If the measures to be taken in these areas, and any others needing consideration, are agreed to ahead of time, the person can be made comfortable more swiftly as everyone knows what to do.

How symptoms are managed will depend on the stage of the dementia and any other conditions the person with dementia may have.

These symptoms will differ from person to person, as everyone is different. Symptoms may also differ because of other medical conditions a person with dementia may have.

Even if some symptoms can be treated in people with end stage dementia, some tough decisions may need to be made. With palliative care, the questions need to be asked: How useful will the treatment be? Will the treatment cause another problem? What choice will best make the person comfortable and preserve their dignity? The hard truth is that sometimes treatment for symptoms does more bad than good.

It’s hard to know when someone with dementia is in pain, and there’s strong evidence to show that pain in people with dementia is often unrecognised because they can’t talk about it.

Therefore it’s important that everyone involved with their care takes an ongoing and systematic approach to recording, assessing and managing any pain they recognise. A health professional can tell you how to do this.

Towards the end, many people with dementia lose the desire to eat and drink, or they have difficulties eating and swallowing. This is a normal part of the condition’s progression and is often a key indicator that the person is moving towards the end of their life.

When people who are dying are dehydrated, their pulmonary secretions (phlegm in their lungs) decrease so there’s less coughing, and there may also be less incontinence.
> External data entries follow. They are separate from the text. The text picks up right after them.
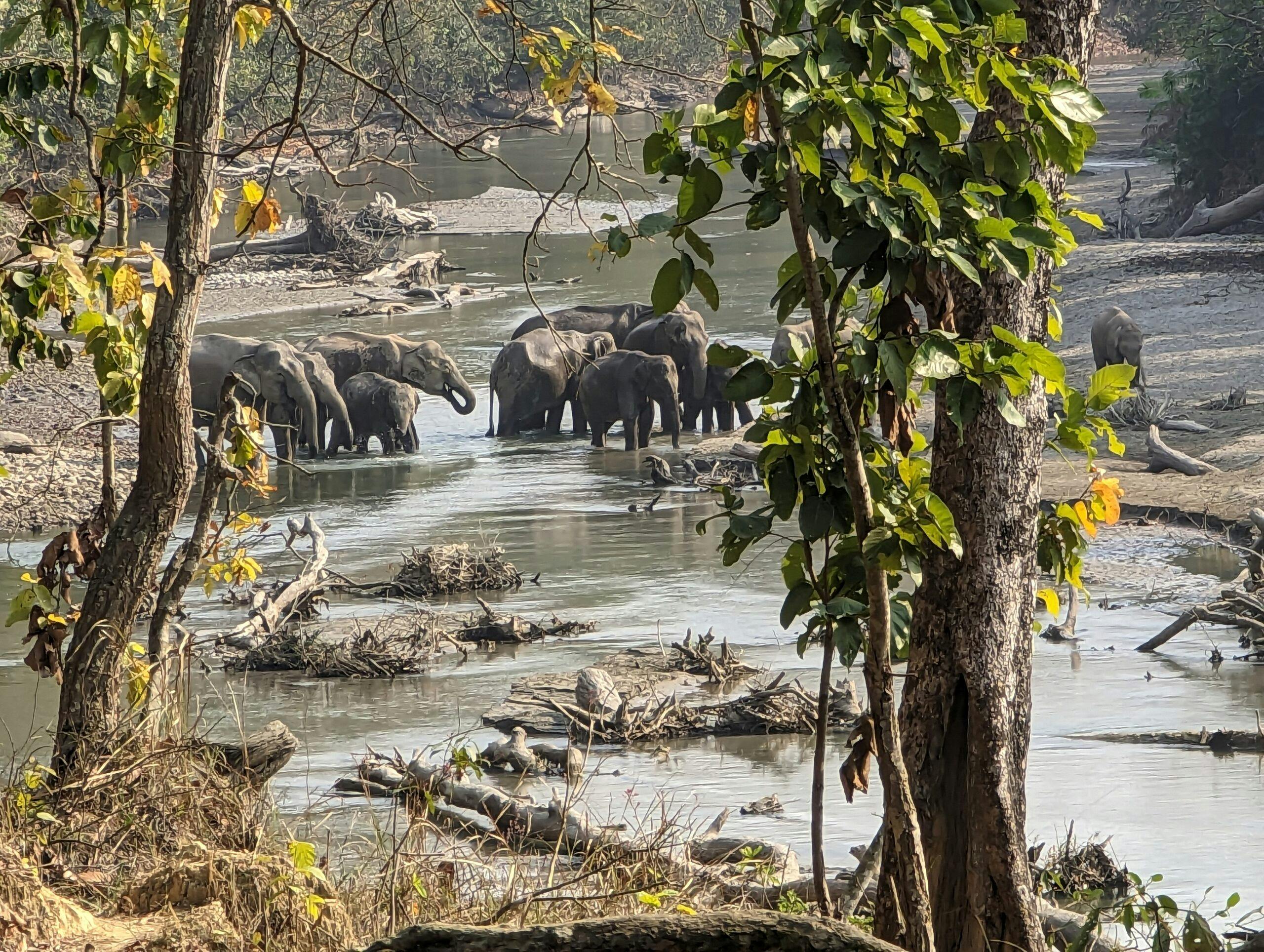 Wild Elephants © Patti Collins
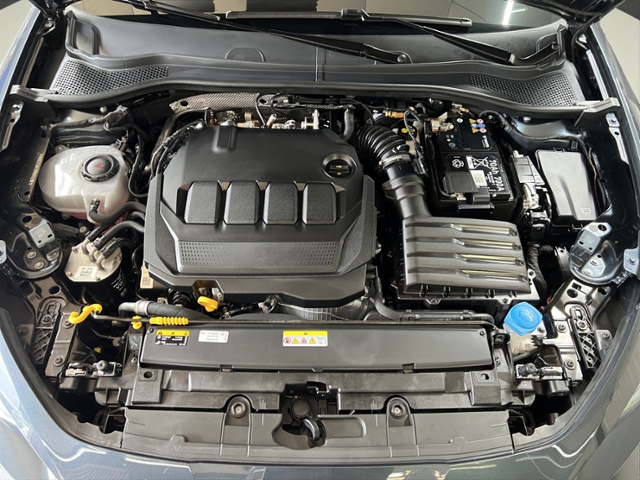 Leon Sportstourer 2.0 TDI FR+4Drive+LED+NAVI+RFK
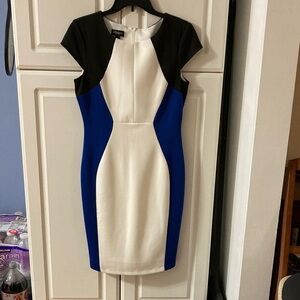 Chaya Elegant Black, Blue, and White Mini Dress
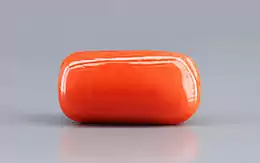 Italian Red Coral - 18.28 Carat Limited Quality CC-5786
Dehydration can make them seem peaceful. It can be hard to work out what to do if a person with dementia has problems with eating and drinking, especially if artificial nutrition and hydration are raised as treatment options. This may seem like the obvious thing to do, but there’s no evidence to show artificial hydration (additional fluids) or nutrition prolongs a person with dementia’s life, makes them comfortable nor leads to a more peaceful death.

Deciding to prescribe antibiotics or not must be made on each individual case, as it’s very difficult to give a definite answer on the benefits of prescribing antibiotics to someone who is dying.

Certainly giving intravenous antibiotics (via a drip) near the end of life means the person must be admitted to hospital, which can in itself cause unnecessary distress. If they can take oral antibiotics some symptoms might be relieved, but a decision will have to be made to stop them if they aren’t affective or are making the person uncomfortable in other ways.

Palliative care includes attending to the spiritual needs of the person with dementia, their family/whānau and those caring for them.

While that can mean spirituality through the rituals and practices of religion, it can also mean many different things to different people. For example a sense of spirituality and well-being might be gained through being able to see outside into a garden.

The person’s advanced care plan should contain information on what helps the person to feel spiritually at ease. Family/whānau members and those with a caring role should feel free to ask staff providing the palliative care to ensure whatever spiritual practices the person with dementia felt were important to them can continue.